PROBLEM TO WORK ON: Only the lines below from the one containing "Tasse Xavier (Mittel)" through the last line should be set down, exactly as written and with no pictures.

Recorded data
• • • • • • •

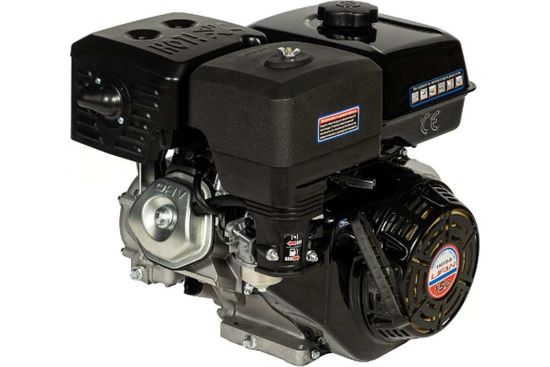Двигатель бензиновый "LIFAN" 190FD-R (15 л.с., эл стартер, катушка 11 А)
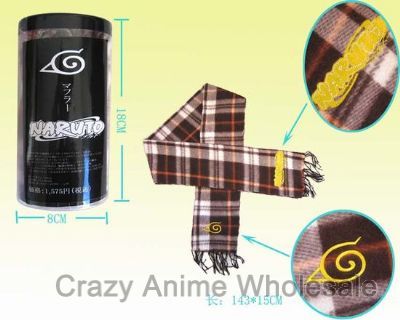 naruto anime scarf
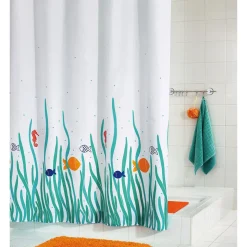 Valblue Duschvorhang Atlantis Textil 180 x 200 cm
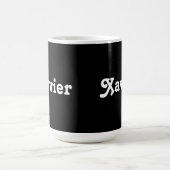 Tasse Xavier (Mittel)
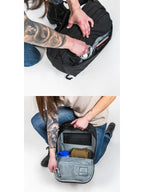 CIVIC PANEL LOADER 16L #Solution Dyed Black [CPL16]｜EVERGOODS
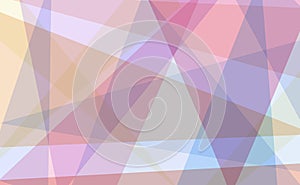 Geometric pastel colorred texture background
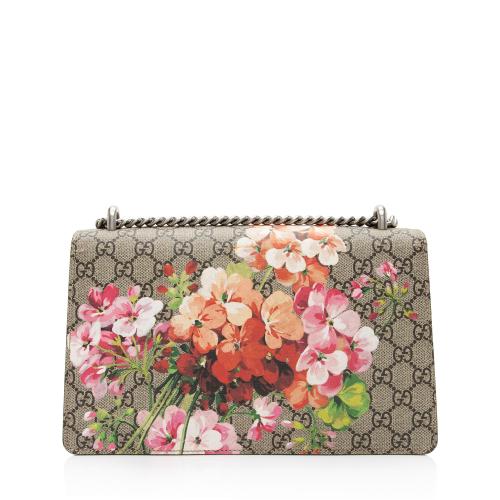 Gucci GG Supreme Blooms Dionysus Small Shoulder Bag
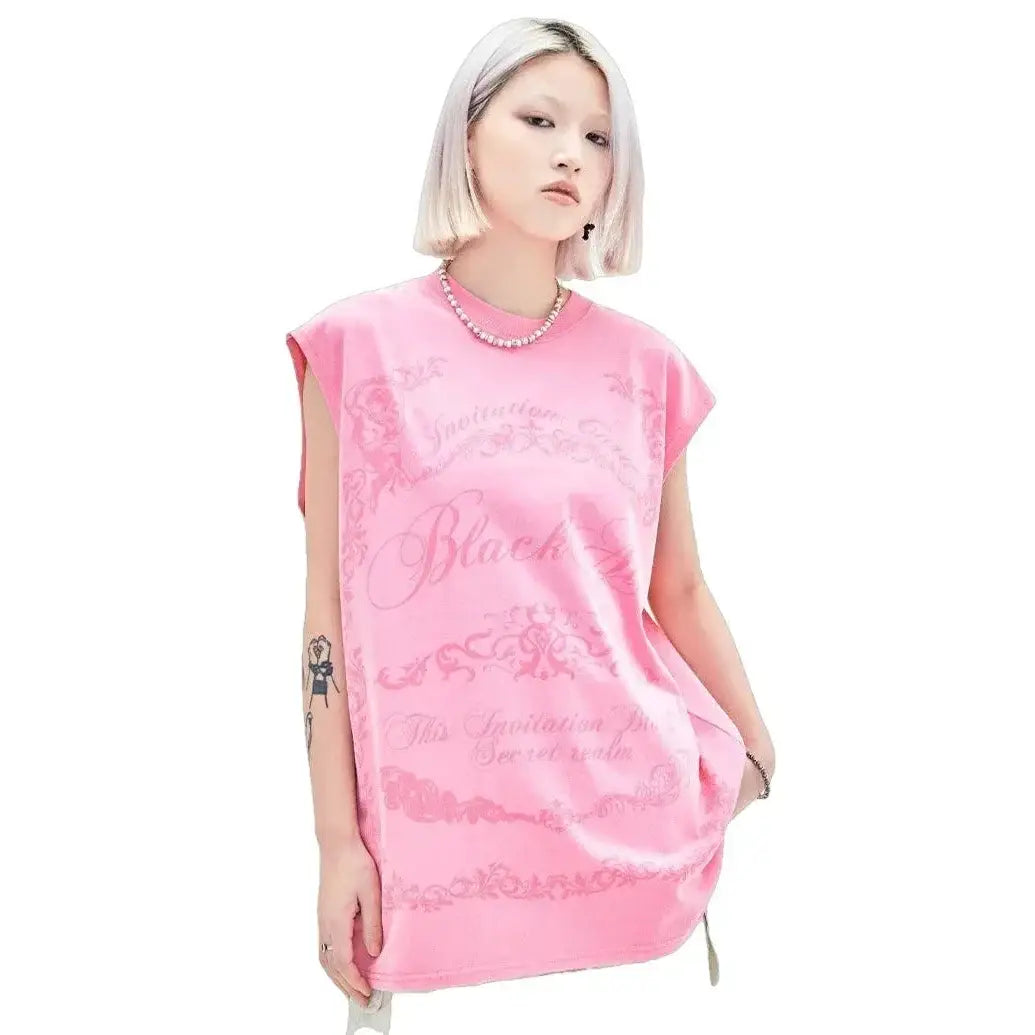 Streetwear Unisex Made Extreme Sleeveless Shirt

• • • • • • •

TASK RESPONSE:
 Tasse Xavier (Mittel)
 CIVIC PANEL LOADER 16L #Solution Dyed Black [CPL16]｜EVERGOODS
 Geometric pastel colorred texture background
 Gucci GG Supreme Blooms Dionysus Small Shoulder Bag
 Streetwear Unisex Made Extreme Sleeveless Shirt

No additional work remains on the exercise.